Me:38 H:39 MLC M:10 R:23 years D6 S3 Bomb: Easter, 2007 "Every day may not be good, but there's something good in every day."
Neph, I wanted to rip a new one when I thought your H did that to S9 too! Aren't we bad. That is why it is so impotant to give them the benefit of the doubt. Make it a practice. If he is standoffish (is that a word?) then you can just assume it is because he is testing out your waters to see if you are angry. DBing is such a tight rope. Sometimes it is hard to know if we are supposed to be postive, confidant humble, but overall I am not sure if a entiltement and DB go hand in hand. It may take a little humbleness (is that a word?) to DB sometimes. We may have to carry the load, like Donna and OT mentioned, until the WAS is strong enough to pick up the slack later after Piecing. Still there are no guarantees but you have done so WELL!!! You are on your way to becoming one of those success stories on the forum. Truly well done.

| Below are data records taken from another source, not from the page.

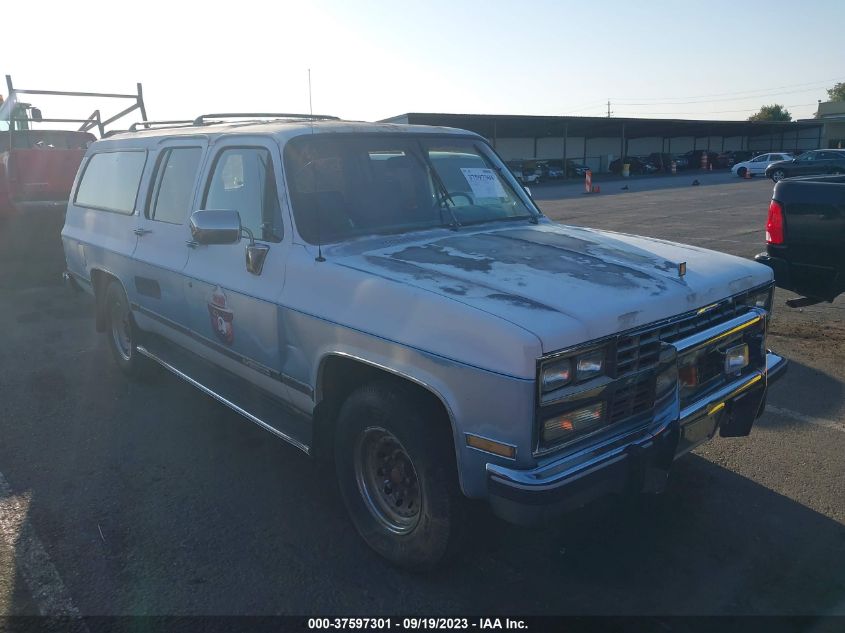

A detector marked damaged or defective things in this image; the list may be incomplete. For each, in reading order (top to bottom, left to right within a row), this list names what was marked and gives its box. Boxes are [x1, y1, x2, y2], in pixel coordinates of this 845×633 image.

rusty hood paint [328, 220, 772, 354]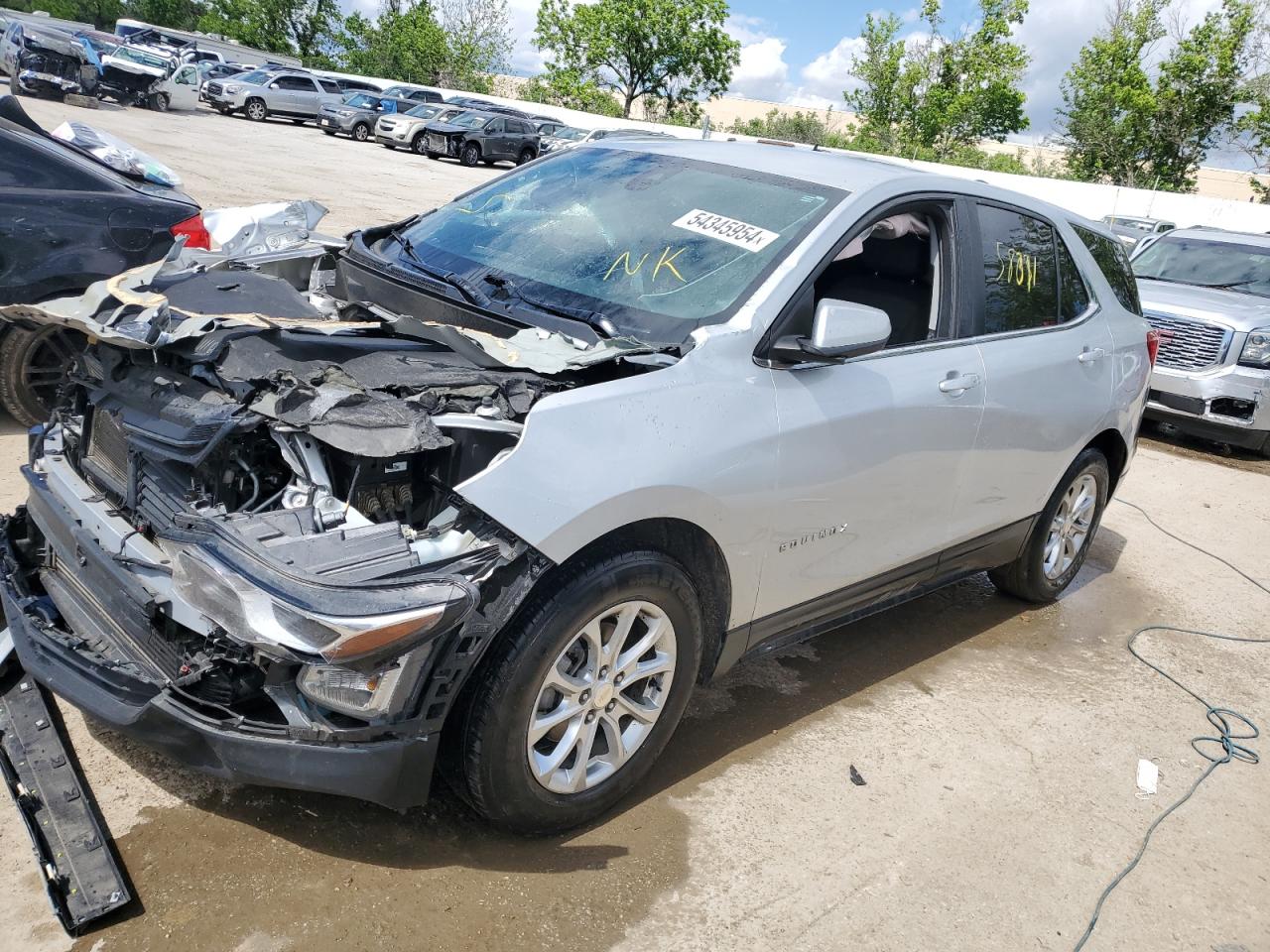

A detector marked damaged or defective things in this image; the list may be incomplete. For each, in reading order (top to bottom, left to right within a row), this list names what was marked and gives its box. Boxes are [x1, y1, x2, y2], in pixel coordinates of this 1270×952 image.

crumpled hood [1137, 279, 1270, 332]
damaged front end [0, 243, 645, 807]
broken headlight [174, 550, 477, 664]
detached bumper piece [0, 664, 131, 934]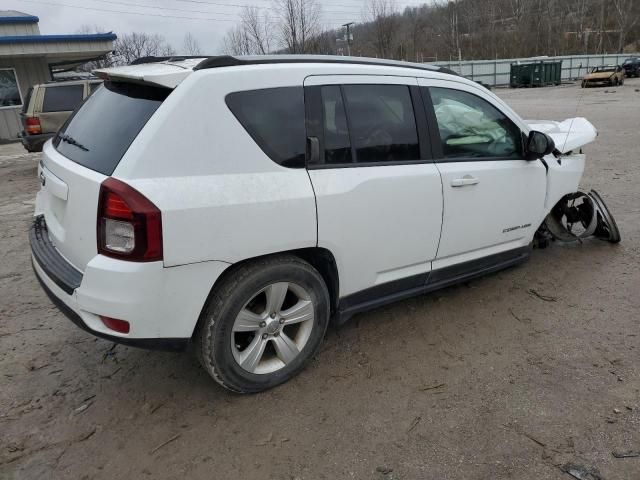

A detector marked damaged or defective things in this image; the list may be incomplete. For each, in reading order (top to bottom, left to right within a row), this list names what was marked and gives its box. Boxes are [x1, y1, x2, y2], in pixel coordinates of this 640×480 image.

I am aslo down two or three sizes but I am less confident about me body. I think it has something to do with being single. I used to have a H who worshipped my size 12 body and the fact that I pushed out his proginy from this goddess body. Now I feel empty about my size 7 body with my boobs that nursed for 4 years and my tummt with stretch marks for my babies. sigh. I feel like what otherman should ever see me naked but he has seen another person naked nightly for seven months or more!!! Crazy!
Last edited by mkultra; 10/20/0705:28 PM.
Me:38 H:39 MLC M:10 R:23 years D6 S3 Bomb: Easter, 2007 "Every day may not be good, but there's something good in every day."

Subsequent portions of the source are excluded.